Now, let's create mappings to convert between characters and their IDs:

In [23]:
# Create mappings between characters and their IDs
stoi = { ch:i for i,ch in enumerate(chars) }  # string to integer
itos = { i:ch for i,ch in enumerate(chars) }  # integer to string

# Define encode and decode functions
encode = lambda s: [stoi[c] for c in s]  # Convert string to list of integers
decode = lambda l: ''.join([itos[i] for i in l])  # Convert list of integers back to string

# Test our encoding/decoding
print(encode("hello world"))
print(decode(encode("hello world")))

[46, 43, 50, 50, 53, 1, 61, 53, 56, 50, 42]
hello world


We've created two dictionaries:
- `stoi` (string to integer): Maps each character to its numeric ID
- `itos` (integer to string): Maps each ID back to its character

We then define two lambda functions:
- `encode`: Converts a string to a list of integer IDs
- `decode`: Converts a list of integer IDs back to a string

The test at the end confirms that we can encode and decode correctly - we should get back exactly what we put in.

## 4. Converting Text to Tensors

Now we'll convert our entire text dataset into PyTorch tensors, which are multidimensional arrays optimized for neural network operations.

In [24]:
# Convert text to tensor
import torch  # Import PyTorch
data = torch.tensor(encode(text), dtype=torch.long)
print(data.shape, data.dtype)
print(data[:100])  # Print the first 100 tokens

torch.Size([1115394]) torch.int64
tensor([18, 47, 56, 57, 58,  1, 15, 47, 58, 47, 64, 43, 52, 10,  0, 14, 43, 44,
        53, 56, 43,  1, 61, 43,  1, 54, 56, 53, 41, 43, 43, 42,  1, 39, 52, 63,
         1, 44, 59, 56, 58, 46, 43, 56,  6,  1, 46, 43, 39, 56,  1, 51, 43,  1,
        57, 54, 43, 39, 49,  8,  0,  0, 13, 50, 50, 10,  0, 31, 54, 43, 39, 49,
         6,  1, 57, 54, 43, 39, 49,  8,  0,  0, 18, 47, 56, 57, 58,  1, 15, 47,
        58, 47, 64, 43, 52, 10,  0, 37, 53, 59])

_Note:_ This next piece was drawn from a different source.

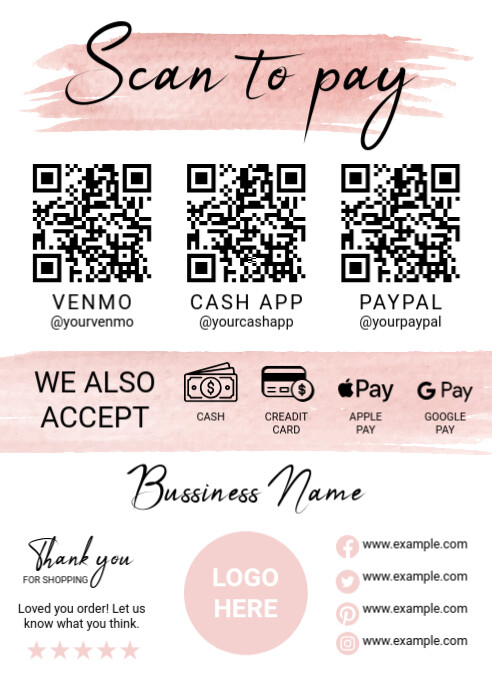 Pink Modern & Minimal Qr Code A6 | PosterMyWall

Here, we encode the entire text into a list of integers and convert it to a PyTorch tensor. We specify the data type as `torch.long` (a 64-bit integer) to ensure compatibility with PyTorch's embedding layers later.

The `.shape` attribute tells us the dimensions of our tensor (in this case, a 1D array with length equal to the number of characters in our text), and `.dtype` confirms the data type.

## 5. Train/Validation Split

A standard practice in machine learning is to split your data into training and validation sets. We'll use the training set to update our model's weights, and the validation set to evaluate the model's performance on unseen data.

In [25]:
# Split into training and validation sets
n = int(0.9 * len(data))  # Use 90% for training, 10% for validation
train_data = data[:n]
val_data = data[n:]
print(f"Training data length: {len(train_data)}")
print(f"Validation data length: {len(val_data)}")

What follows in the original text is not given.